片働きになったとき、最初に削られやすいのが毎月の貯蓄です。

共働き時には月15万円貯金できていても、片働きになると、

  • 住宅ローン
  • 食費
  • 光熱費
  • 教育費
  • 保険

などを優先した結果、貯金に回せるお金がほとんどなくなる可能性があります。

住宅ローンは問題なく払えていても、貯金が増えなければ、家電の買い替えや教育費など将来の大きな支出に弱くなります。

関連記事:
住宅ローン6000万円で「貯金できない」は危険?購入後に家計で起こること

片働きで起こること② 生活費を削る必要が出てくる

住宅ローンや管理費などの固定費を簡単に減らすことはできません。

そのため収入が減ると、調整できる支出から削ることになります。

  • 外食
  • 旅行
  • 趣味
  • 衣服
  • 車関連費
  • 交際費

などです。

住宅購入前に想定していた生活と大きく変われば、「家は買えたけれど生活に余裕がない」と感じることがあります。

関連記事:
住宅ローン6000万円で「生活費が足りない」と感じるのはなぜ?購入前に確認したい家計の余裕

片働きで起こること③ 教育費との両立が難しくなる

子育て世帯では、片働きになる時期と教育費が増える時期が重なる可能性があります。

住宅購入時に子どもが小さければ、現在の教育費はそれほど大きくないかもしれません。

しかし成長すると、

  • 習い事
  • 受験費用
  • 高校・大学の学費
  • 通学費
  • 一人暮らし・仕送り

などが増える可能性があります。

収入が減っているのに教育費が増えれば、家計への影響はさらに大きくなります。

関連記事:
住宅ローン6000万円で「教育費」が重くなるのはいつ?共働き世帯の注意点

片働きで起こること④ 車を維持・買い替えにくくなる

車を所有している家庭では、住宅ローン以外にも車関連の支出があります。

  • 駐車場
  • 自動車保険
  • ガソリン
  • 税金
  • 車検
  • 修理
  • 買い替え

などです。

共働き時には問題なく維持できても、片働きになれば車の買い替え資金を貯めにくくなることがあります。
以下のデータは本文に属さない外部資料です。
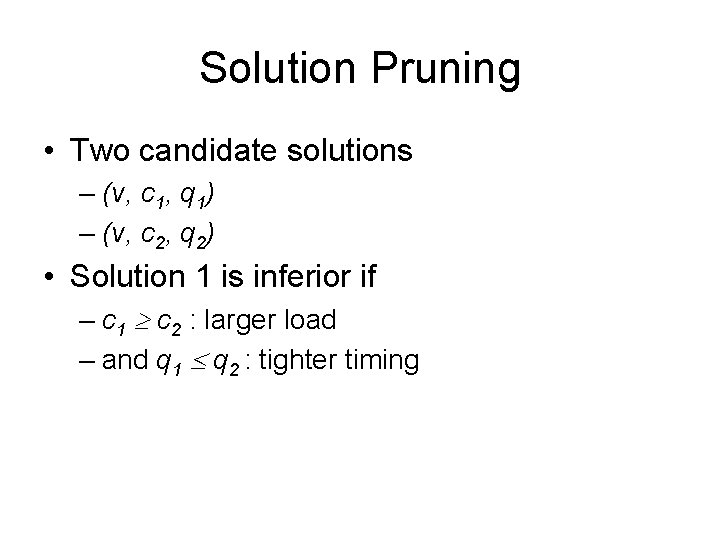 Solution Pruning • Two candidate solutions – (v, c 1, q 1) – (v,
自動車ローンを新たに組めば、住宅ローンと合わせて固定費がさらに増える可能性があります。

関連記事:
住宅ローン6000万円で「車を買い替えられない」?購入後に増える家計負担を解説

片働きで起こること⑤ 老後資金の準備が後回しになる

収入が減ったとき、まずは現在の生活と住宅ローン返済を優先することになります。

その結果、老後資金の積立を一時停止したり、減額したりする家庭もあるでしょう。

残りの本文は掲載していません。